Exercise directions:
Write out, exactly and in full, the line where "Apres Ski Blue" appears together with all lines that follow it in the entries below. Do not include pictures.

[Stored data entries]

==*==

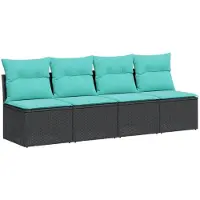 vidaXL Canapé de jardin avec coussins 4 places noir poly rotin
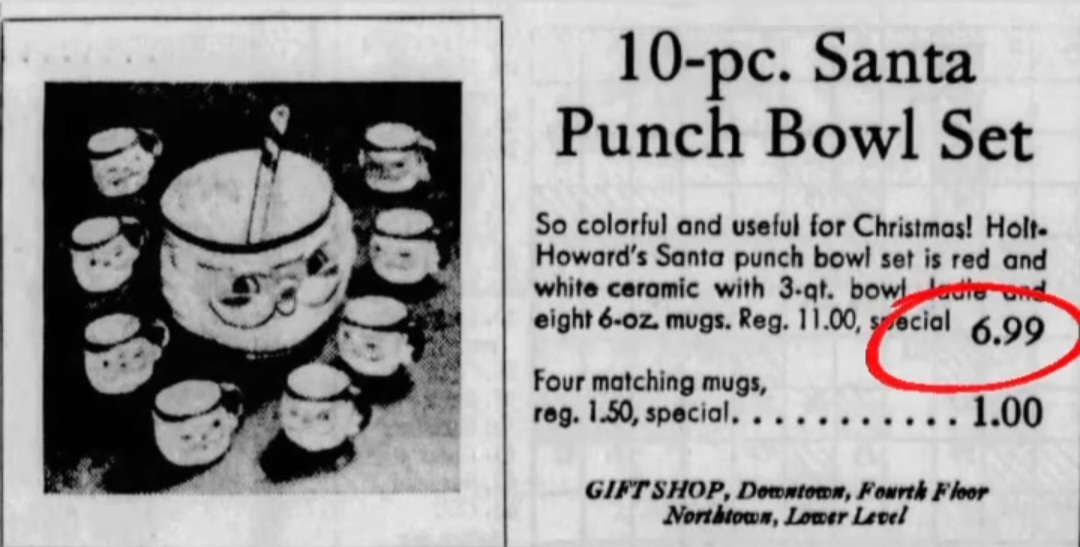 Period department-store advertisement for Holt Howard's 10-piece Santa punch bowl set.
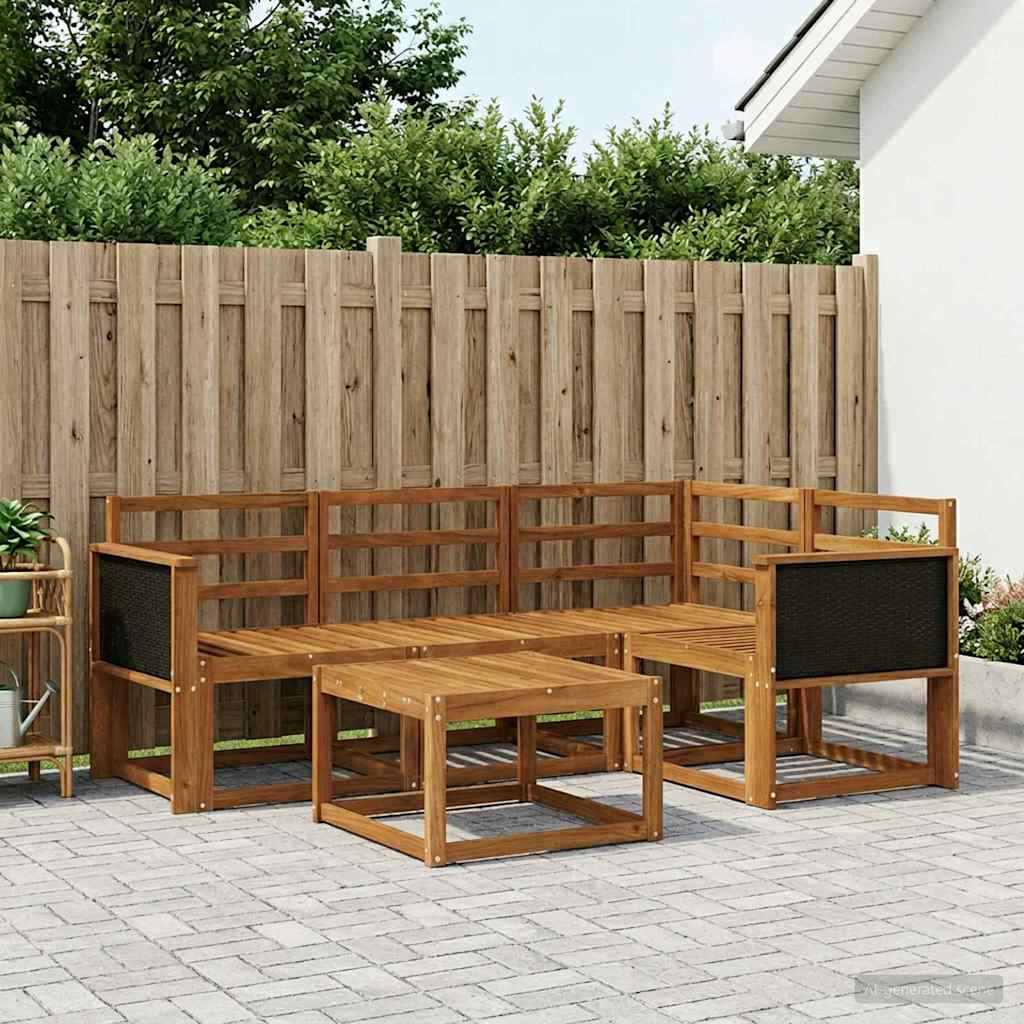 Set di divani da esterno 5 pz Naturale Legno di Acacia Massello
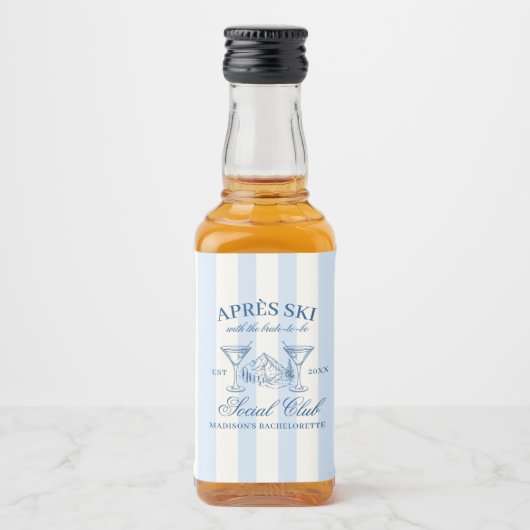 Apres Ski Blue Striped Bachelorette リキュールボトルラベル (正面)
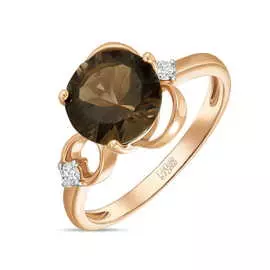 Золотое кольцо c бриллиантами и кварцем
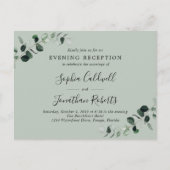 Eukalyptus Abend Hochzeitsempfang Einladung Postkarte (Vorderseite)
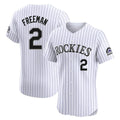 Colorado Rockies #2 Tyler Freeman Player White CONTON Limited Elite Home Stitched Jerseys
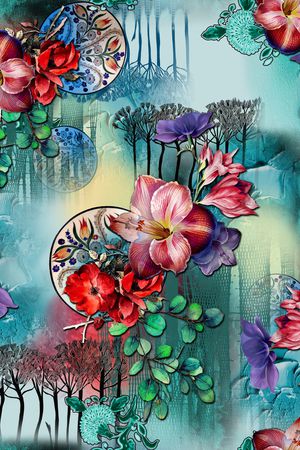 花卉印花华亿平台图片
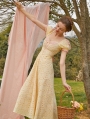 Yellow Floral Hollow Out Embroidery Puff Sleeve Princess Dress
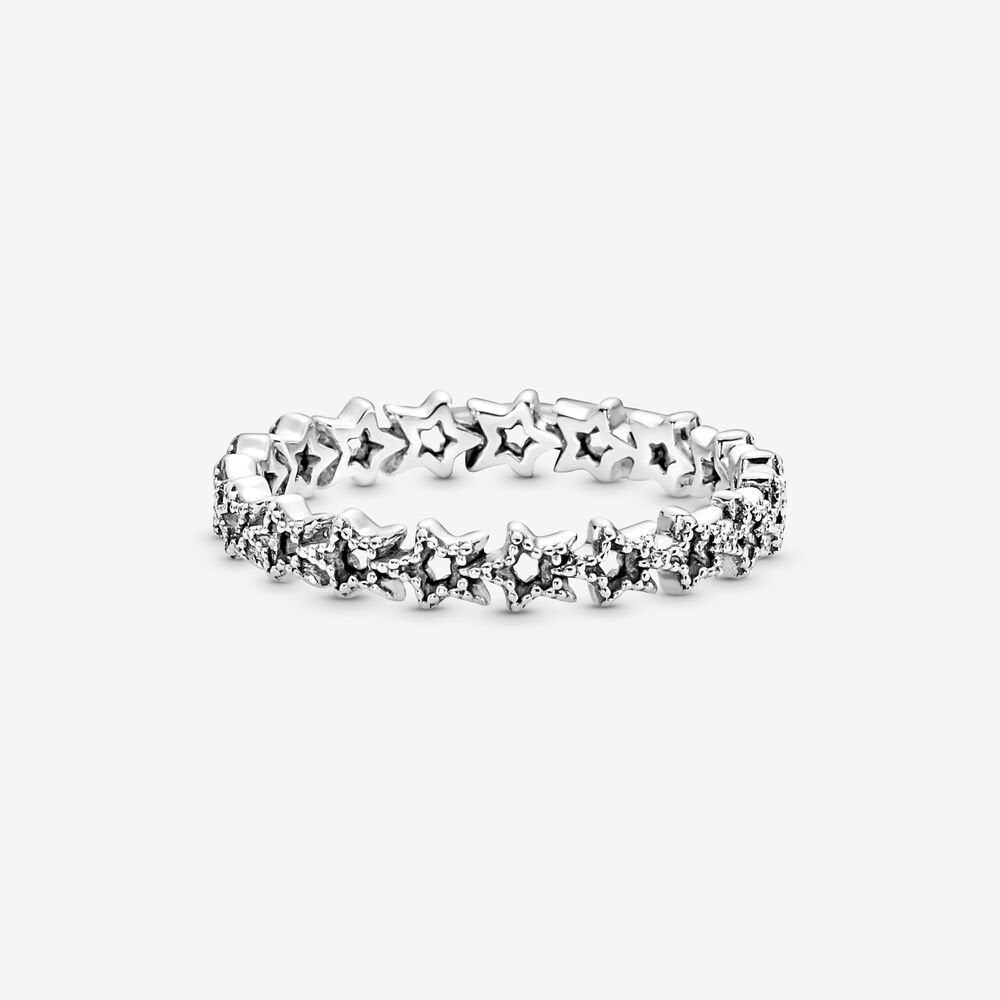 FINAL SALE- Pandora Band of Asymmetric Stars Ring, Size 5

==*==

Solution for this task:
 Apres Ski Blue Striped Bachelorette リキュールボトルラベル (正面)
 Золотое кольцо c бриллиантами и кварцем
 Eukalyptus Abend Hochzeitsempfang Einladung Postkarte (Vorderseite)
 Colorado Rockies #2 Tyler Freeman Player White CONTON Limited Elite Home Stitched Jerseys
 花卉印花华亿平台图片
 Yellow Floral Hollow Out Embroidery Puff Sleeve Princess Dress
 FINAL SALE- Pandora Band of Asymmetric Stars Ring, Size 5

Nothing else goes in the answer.